*DATA PROVIDED:*
%%

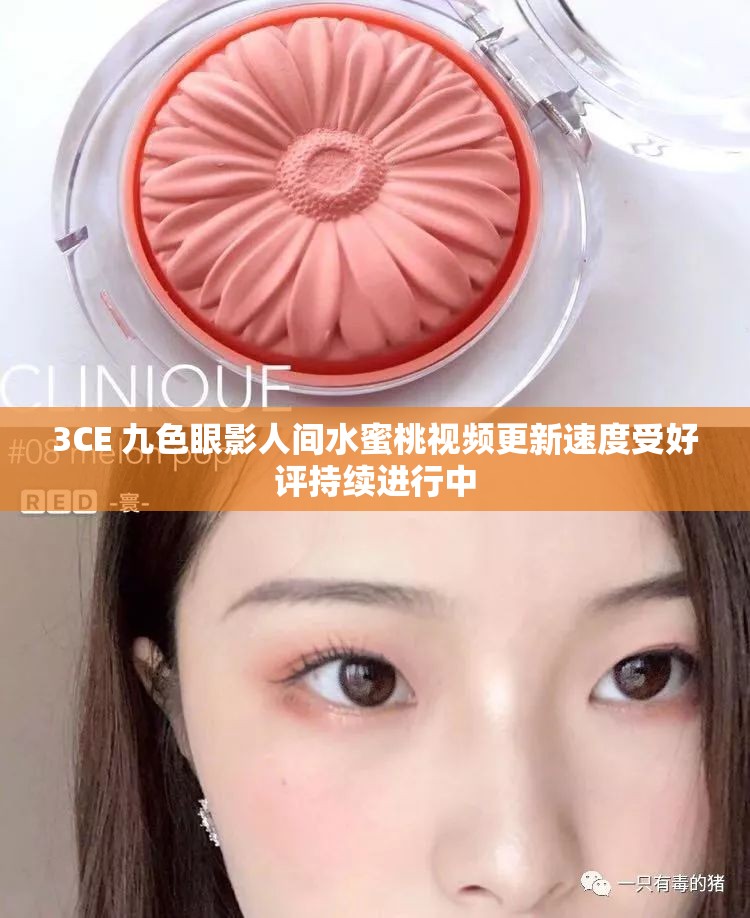 3CE 九色眼影人间水蜜桃视频更新速度受好评持续进行中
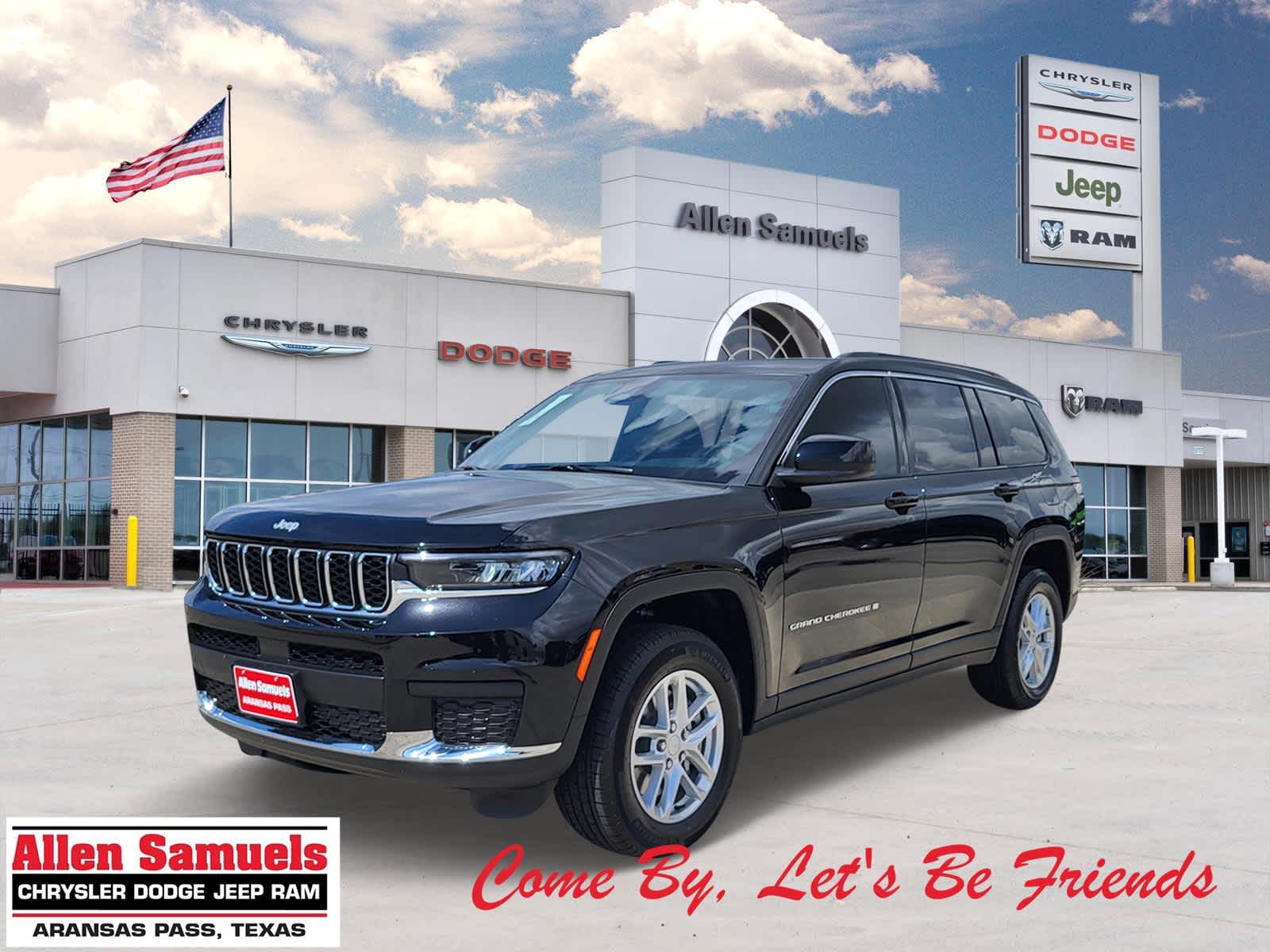 2025 Jeep Grand Cherokee L Laredo's photo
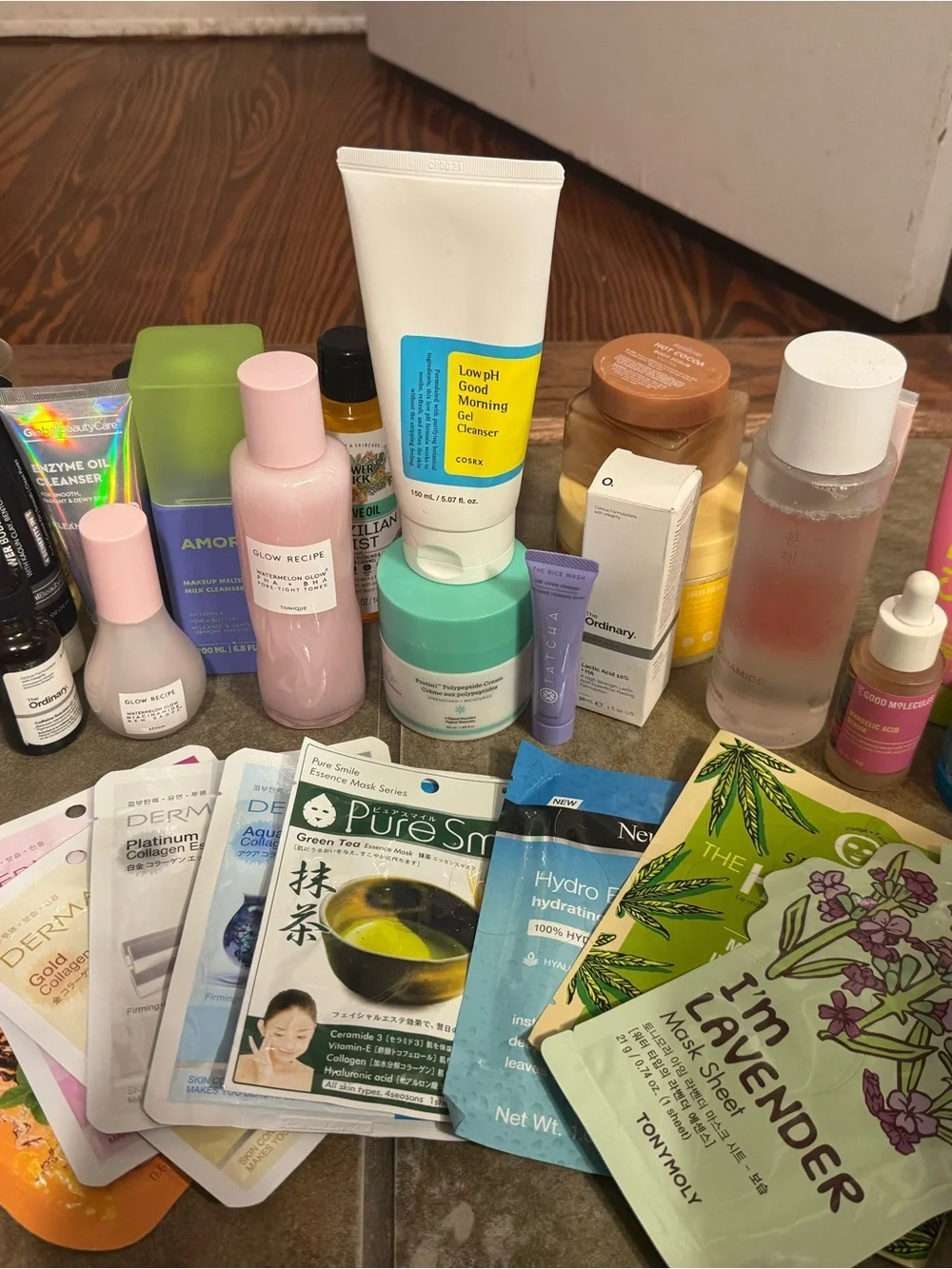 Skincare Mix - Assorted Serums, Cleansers & Sheet Masks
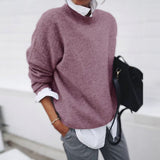 Iolanda - Weicher Kaschmirpullover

%%

*ACTIVITY:*
The task calls for every line of the data to be returned exactly, without pictures.

*SOLVED EXERCISE:*
 3CE 九色眼影人间水蜜桃视频更新速度受好评持续进行中
 2025 Jeep Grand Cherokee L Laredo's photo
 Skincare Mix - Assorted Serums, Cleansers & Sheet Masks
 Iolanda - Weicher Kaschmirpullover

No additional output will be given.